When we demand better performance, compiler developers are going to exploit undefined behavior as well as other language "loopholes" that don't make intuitive sense. Perhaps a new focus on correctness in practice would change this.


Properly implemented floats will never fail that (barring NaN). That gcc sometimes does is a compiler bug, not a float problem.


> More proof that floats are evil.

Just because someone doesn't know the basics of floating point numbers it doesn't mean that the floating point format is somehow evil.

Testing floats for equality is one of those no-nos which is taught right in the first class of introduction to FP numbers.

Another very basic issue covered right in the intro clsses are problems caused by using decimal values to define numbers encoded in binary format, which is often explained through the famous "0.1 doesn't exist in binary" trivia bit.


Part of my day job is to test floating point hardware and write compilers and assemblers. Testing equality---with some care---is completely fine. I can assure you this is a bug in GCC. The GCC bug is compounded by the nonstandard behavior of x87. The x87 unit is not "fixable" but GCC's behavior is.


That's interesting, you make it sound like the production of new FPUs and new compilers is common. Which industry do you work in?


There are numbers that are safe to compare against. Storing 1.0 (or 0.0 or 0.25 or any small integer), and then later comparing for equality to check "Did I assign this value before?" is completely fine.

Of course, it's not fine to ask "Does the result of this computation equal this value?", but everyone knows that.


> Of course, it's not fine to ask "Does the result of this computation equal this value?", but everyone knows that.

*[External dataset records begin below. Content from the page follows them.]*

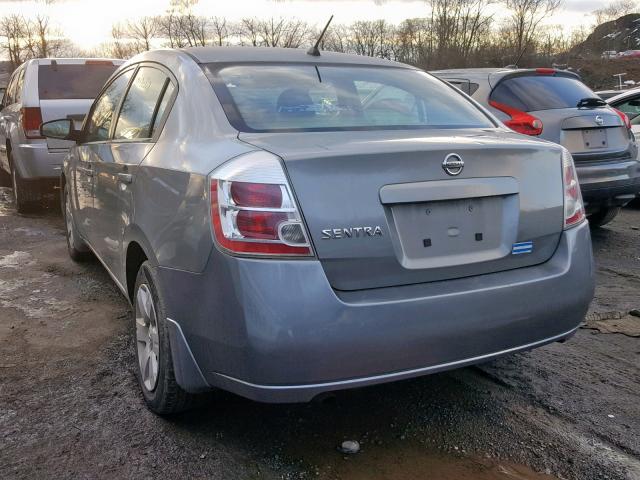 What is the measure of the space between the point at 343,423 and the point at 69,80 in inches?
256

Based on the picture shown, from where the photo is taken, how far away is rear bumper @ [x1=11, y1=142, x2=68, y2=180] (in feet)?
23.3

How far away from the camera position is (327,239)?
6.81 ft

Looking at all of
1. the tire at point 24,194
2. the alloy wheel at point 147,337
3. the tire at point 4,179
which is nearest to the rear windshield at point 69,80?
the tire at point 24,194

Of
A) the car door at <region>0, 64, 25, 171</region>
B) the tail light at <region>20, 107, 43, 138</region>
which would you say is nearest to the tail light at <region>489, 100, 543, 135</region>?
the tail light at <region>20, 107, 43, 138</region>

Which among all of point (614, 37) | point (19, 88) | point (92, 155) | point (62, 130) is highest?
point (614, 37)

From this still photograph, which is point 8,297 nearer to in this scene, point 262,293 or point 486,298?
point 262,293

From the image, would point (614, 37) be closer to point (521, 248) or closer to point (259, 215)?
point (521, 248)

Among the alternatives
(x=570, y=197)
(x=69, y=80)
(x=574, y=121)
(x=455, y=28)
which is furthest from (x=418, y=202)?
(x=455, y=28)

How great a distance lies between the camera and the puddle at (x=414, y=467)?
2332mm

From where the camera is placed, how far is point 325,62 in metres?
3.23

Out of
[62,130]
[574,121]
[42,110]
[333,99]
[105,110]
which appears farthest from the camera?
[42,110]

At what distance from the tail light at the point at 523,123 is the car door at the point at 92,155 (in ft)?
11.1

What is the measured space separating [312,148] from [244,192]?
0.32 m

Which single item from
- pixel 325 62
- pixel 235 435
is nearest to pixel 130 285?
pixel 235 435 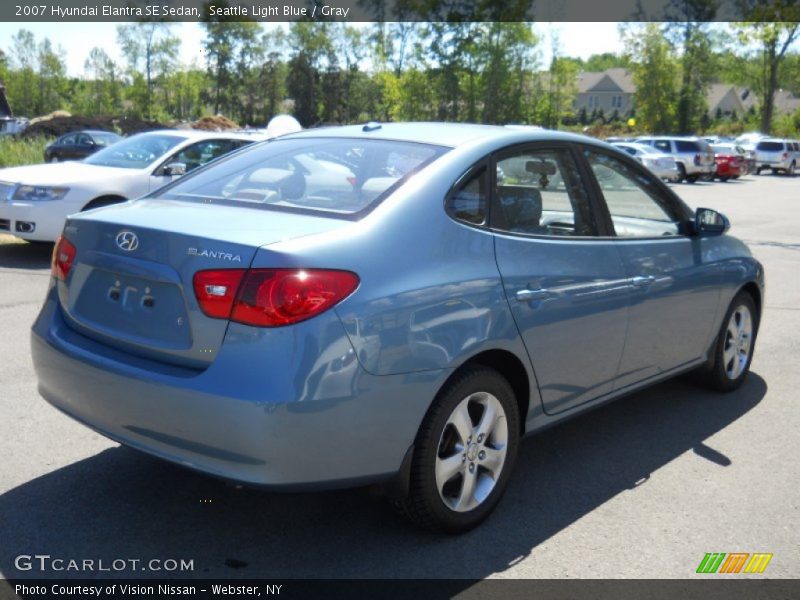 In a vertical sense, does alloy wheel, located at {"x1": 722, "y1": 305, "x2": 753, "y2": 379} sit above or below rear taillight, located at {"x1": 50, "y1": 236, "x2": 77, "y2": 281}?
below

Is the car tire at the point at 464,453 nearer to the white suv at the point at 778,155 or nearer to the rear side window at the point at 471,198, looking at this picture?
the rear side window at the point at 471,198

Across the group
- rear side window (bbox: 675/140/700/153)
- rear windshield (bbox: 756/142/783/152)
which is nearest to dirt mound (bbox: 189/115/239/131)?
rear side window (bbox: 675/140/700/153)

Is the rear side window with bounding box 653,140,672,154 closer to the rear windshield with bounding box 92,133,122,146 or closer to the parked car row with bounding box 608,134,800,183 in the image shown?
the parked car row with bounding box 608,134,800,183

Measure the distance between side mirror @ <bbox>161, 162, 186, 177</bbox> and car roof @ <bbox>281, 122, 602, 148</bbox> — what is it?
617 centimetres

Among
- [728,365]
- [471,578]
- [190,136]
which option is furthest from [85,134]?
[471,578]

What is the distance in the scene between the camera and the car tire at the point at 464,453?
3.49 m

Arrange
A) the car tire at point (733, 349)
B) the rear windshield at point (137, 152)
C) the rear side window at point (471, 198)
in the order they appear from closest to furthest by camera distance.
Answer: the rear side window at point (471, 198), the car tire at point (733, 349), the rear windshield at point (137, 152)

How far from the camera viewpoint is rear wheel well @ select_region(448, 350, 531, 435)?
3771mm

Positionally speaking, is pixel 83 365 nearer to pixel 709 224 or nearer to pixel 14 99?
pixel 709 224

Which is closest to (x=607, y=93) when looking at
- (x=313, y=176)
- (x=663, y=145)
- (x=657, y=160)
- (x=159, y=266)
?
(x=663, y=145)

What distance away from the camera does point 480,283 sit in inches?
144

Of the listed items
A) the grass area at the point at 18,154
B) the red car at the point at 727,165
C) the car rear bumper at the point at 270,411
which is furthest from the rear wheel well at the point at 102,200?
the red car at the point at 727,165

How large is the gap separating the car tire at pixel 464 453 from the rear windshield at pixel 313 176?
2.76ft

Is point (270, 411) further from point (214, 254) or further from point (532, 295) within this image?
point (532, 295) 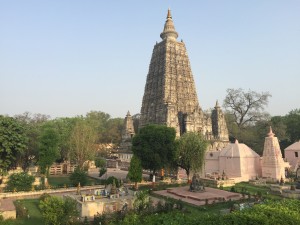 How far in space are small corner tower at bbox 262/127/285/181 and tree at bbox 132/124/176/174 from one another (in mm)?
12528

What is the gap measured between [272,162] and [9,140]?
3112 centimetres

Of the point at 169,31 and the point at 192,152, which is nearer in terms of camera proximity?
the point at 192,152

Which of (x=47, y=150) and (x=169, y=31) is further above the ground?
(x=169, y=31)

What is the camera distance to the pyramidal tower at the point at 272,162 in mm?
32031

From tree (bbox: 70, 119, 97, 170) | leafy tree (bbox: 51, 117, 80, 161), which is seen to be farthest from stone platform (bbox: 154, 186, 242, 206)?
leafy tree (bbox: 51, 117, 80, 161)

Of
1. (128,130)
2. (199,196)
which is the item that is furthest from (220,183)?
(128,130)

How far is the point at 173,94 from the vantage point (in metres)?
54.3

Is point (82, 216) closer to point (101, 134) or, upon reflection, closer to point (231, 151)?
point (231, 151)

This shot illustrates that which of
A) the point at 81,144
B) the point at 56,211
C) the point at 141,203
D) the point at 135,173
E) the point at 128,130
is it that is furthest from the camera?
the point at 128,130

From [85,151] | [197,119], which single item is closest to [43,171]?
[85,151]

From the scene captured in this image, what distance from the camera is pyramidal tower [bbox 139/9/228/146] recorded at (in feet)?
171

How about "Does the result of this computation equal the result of this exact same computation?"? That's the issue here.


Floats are evil? o.O What do you propose instead if you want to deal with non-integer values?


There's always fixed point integers[0]. They're less flexible than floats, but at least the amount of precision available is much more clear and uniform, and all the rounding is pretty explicit.

https://en.wikipedia.org/wiki/Fixed-point_arithmetic

https://en.wikipedia.org/wiki/Q_%28number_format%29


Back in the late eighties, early nineties, I was of the opinion that fixed point is really the way to go, the only thing holding it back was lack of adequate compiler support. Until I realized what would actually happen if the world started using fixed point: programmers would always set the dynamic range too small, so we'd end up with a world full of programs that were constantly failing because they needed to be run on data larger than the test cases. The headaches of floating point, annoying though they can be at times, are much less onerous.


> Until I realized what would actually happen if the world started using fixed point: programmers would always set the dynamic range too small, so we'd end up with a world full of programs that were constantly failing because they needed to be run on data larger than the test cases.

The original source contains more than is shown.